Last week, the Supreme Court finally decided the issue of whether the Age Discrimination in Employment Act (ADEA) allows groups of older workers to bring what are known as “disparate impact” cases, in the case of Smith v. City of Jackson. While the decision was positive in that it did not rule these types of cases out completely, it will most likely be unclear for a while exactly what types of cases employees will be able to win based upon this decision.
It’s hardly paranoid to believe that there is discrimination out there that is subtle enough that it is difficult to prove legally. As Laurie McCann of the AARP points out, before last week’s ruling, job seekers filing a lawsuit “would have had to prove that the employer crafted that policy because they wanted to screen out older workers. That proof of intent is very hard to come by even if it was there. You’d be very lucky if in discovery you found the memo or something that said that was their intent.” (See New York Daily News article.)
One of the ways that lawyers have been able to ferret out discrimination has been to bring what is known as a “disparate impact” case. Rather than having to prove that someone in a position of authority intended to discriminate against the employee bringing the case, using a disparate impact theory allows groups of workers to show that a particular policy more adversely affects a protected group than a comparable non-protected group of workers.
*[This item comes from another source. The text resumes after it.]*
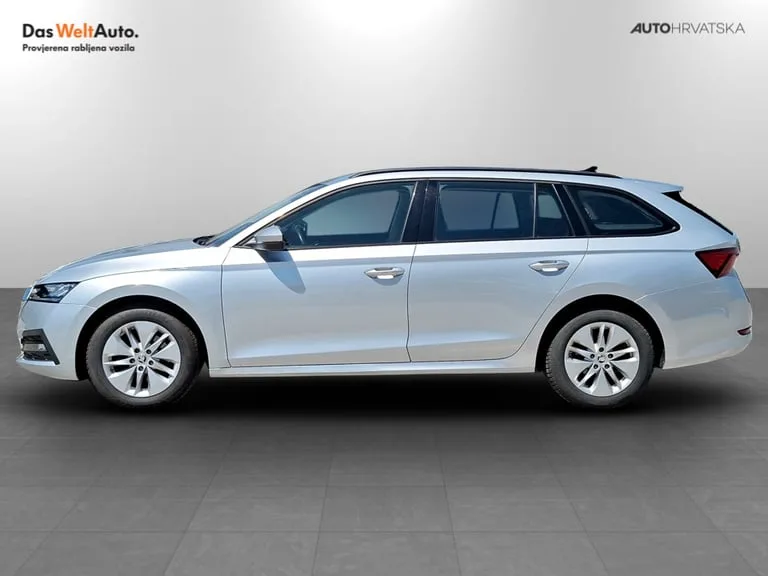 Škoda Octavia Combi 2021: fotografija 2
For example, there are a number of cases where African-Americans have been able to show they were adversely affected by a testing or promotional process. Rather than showing that someone administering the test created it for the purpose of screening out African-Americans, those affected could show that the process weeded out African-Americans in numbers disproportionate to their participation in the process. This prevents companies from developing seemingly-neutral policies, but nonetheless using them to screen out certain groups of employees. However, race discrimination is evaluated under a different law, Title VII, than age discrimination, which is made illegal by the ADEA. The Supreme Court had not yet spoken on whether age discrimination cases could be brought as disparate impact cases, and lower courts around the country were divided on whether it was legally possible to do so.
For older workers, disparate impact issues often arise in mass layoff or “reduction-in-force” situations, where the group of those laid off contains more older workers, and the group of those retained contains more younger workers. Another common situation involves the interplay of years of service and salaries. Since years of service often, but not always, correlates with age, it can be tricky to determine whether a particular practice tied to years of service serves as a proxy for age discrimination.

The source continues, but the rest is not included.